Principal says there is a big opportunity here for financial planning professionals when a large segment of a sizeable generation knows they should be heading toward a goal but have no idea how to get there. This also presents opportunities for employers to design employee training around company retirement plans where even basic training on personal finances would be of great value to employees, particularly Millennial employees.

The study found Millennials use professional financial advisers less frequently than Boomers, but they are much more open to discussing personal finances with them. Two-thirds (67%) of Millennials say they are comfortable discussing personal finances with a financial adviser compared to 59% of Boomers. This trend of openness increases even more sharply with other groups, with 68% of Millennials saying they are comfortable discussing personal finances with parents, compared to only 35% of Boomers. In addition, while only 26% of Boomers say they are comfortable discussing their personal finances with close riends, 51% of Millennials are comfortable with this.

Principal says Millennials’ lack of participation in the financial services industry is not due to disinterest, but instead due to their misperceptions toward the industry and untapped opportunity on the part of both the industry as a whole and individual professionals themselves. The fact that Millennials are so open is an invitation to the financial services industry to meet them where they are and start financial discussions pertinent to their life stage and level of knowledge.

NEXT: Where all generations need knowledge

The study found that Boomers, Gen Xers, and Millennials have the same top three areas where they feel they lack the most knowledge or education. Top on the list for all three generations is how to choose smart investments. This is the area that 19% of both Boomers and Gen Xers and 16% of Millennials list as what they know the least about.

The next topic where people feel they lack knowledge and understanding is how to branch out into less traditional investments such as commodities, real estate, private equity, etc. Fifteen percent of both Boomers and Gen Xers and 13% of Millennials put this at the top of their list.

Gen Xers feel the strongest about how to prepare for retirement, with 16% citing this as the area where they lack the most knowledge. Fifteen percent of Boomers and 12% of Millennials agree.
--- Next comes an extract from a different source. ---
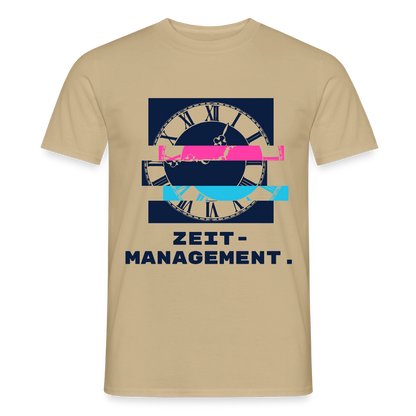 "Zeitmanagement. Glitch-Motiv" Motiv-T-Shirt für Männer, Farbe Sandbeige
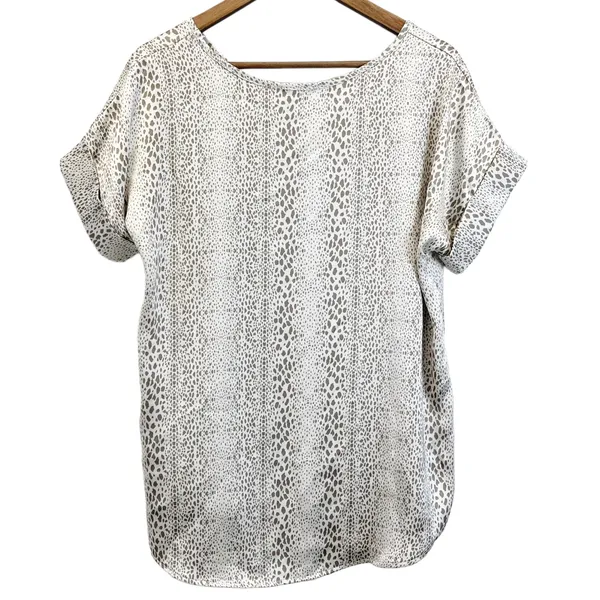 Entro Womens M Satiny Short Sleeve‎ Animal Print Top Shirt Taupe Cream Boho - Image 13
And last on the list, but still a top area of concern, is how to structure a portfolio. This is the topic that 13% of Boomers, 11% of Gen Xers, and 12% of Millennials feel to be the one that they lack the most knowledge or education about.

NEXT: The value of online tools and financial advisers

The study found that there are several specific areas where the majority of people think an online tool would be a valuable way to have various aspects of retirement explained and specific questions answered.

At the top of this list is how to calculate what will be needed in retirement, where 80% of employees said this would be valuable to have explained in plain language by an online resource. Equally appealing is an explanation of how to build a unique retirement plan specific to a person’s situation with target goals and steps to reach retirement. Eighty percent of employees also said this would be valuable to have explained with an online tool.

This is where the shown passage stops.